### Exercise objective
Reproduce from the records below, with no pictures, exactly the lines between the one containing "17x8.5 Black Rhino" and the one containing "sold by jorrellarmel.", inclusive.

### Extracted records
##########

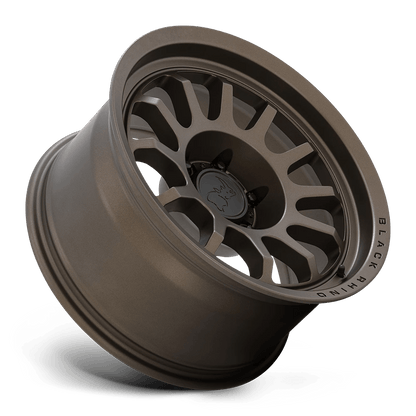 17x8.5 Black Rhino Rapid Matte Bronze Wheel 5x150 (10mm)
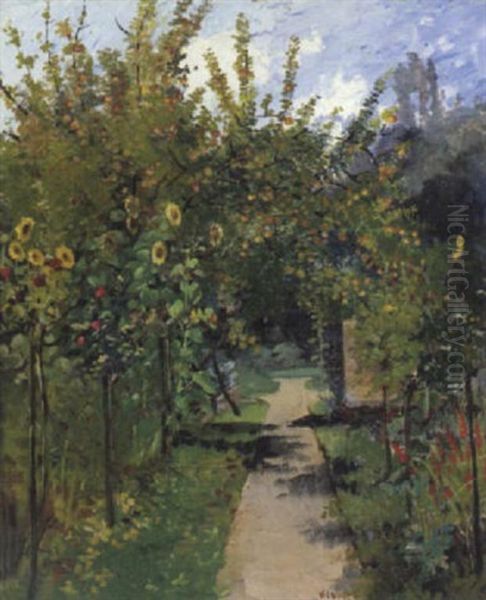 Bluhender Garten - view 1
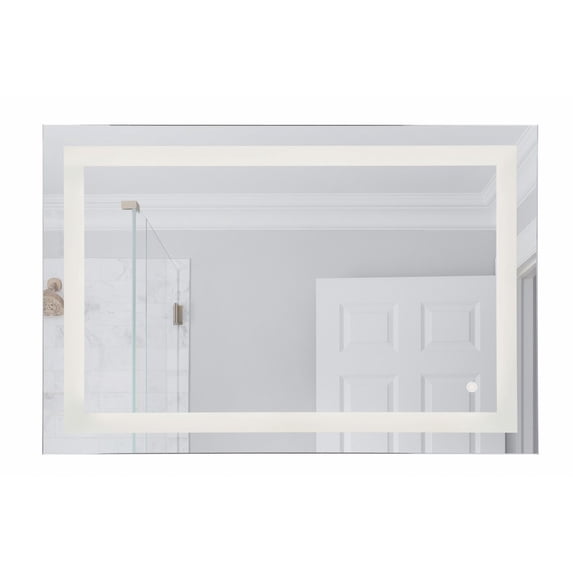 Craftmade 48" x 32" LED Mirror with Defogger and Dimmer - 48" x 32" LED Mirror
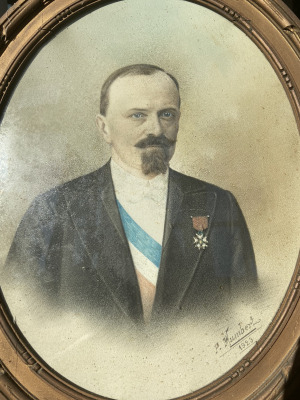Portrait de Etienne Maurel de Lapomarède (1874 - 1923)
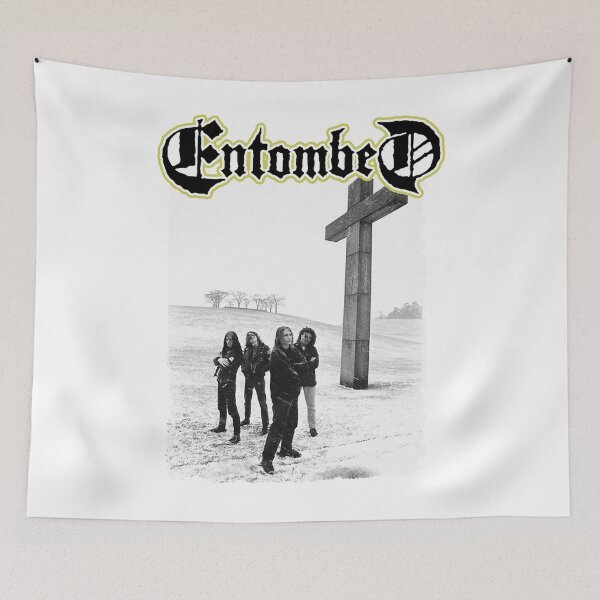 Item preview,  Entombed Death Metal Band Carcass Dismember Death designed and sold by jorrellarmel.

##########

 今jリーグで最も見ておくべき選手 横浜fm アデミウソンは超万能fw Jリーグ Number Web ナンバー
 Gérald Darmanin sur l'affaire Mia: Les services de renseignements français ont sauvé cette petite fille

##########

### Solution for this exercise
 17x8.5 Black Rhino Rapid Matte Bronze Wheel 5x150 (10mm)
 Bluhender Garten - view 1
 Craftmade 48" x 32" LED Mirror with Defogger and Dimmer - 48" x 32" LED Mirror
Portrait de Etienne Maurel de Lapomarède (1874 - 1923)
 Item preview,  Entombed Death Metal Band Carcass Dismember Death designed and sold by jorrellarmel.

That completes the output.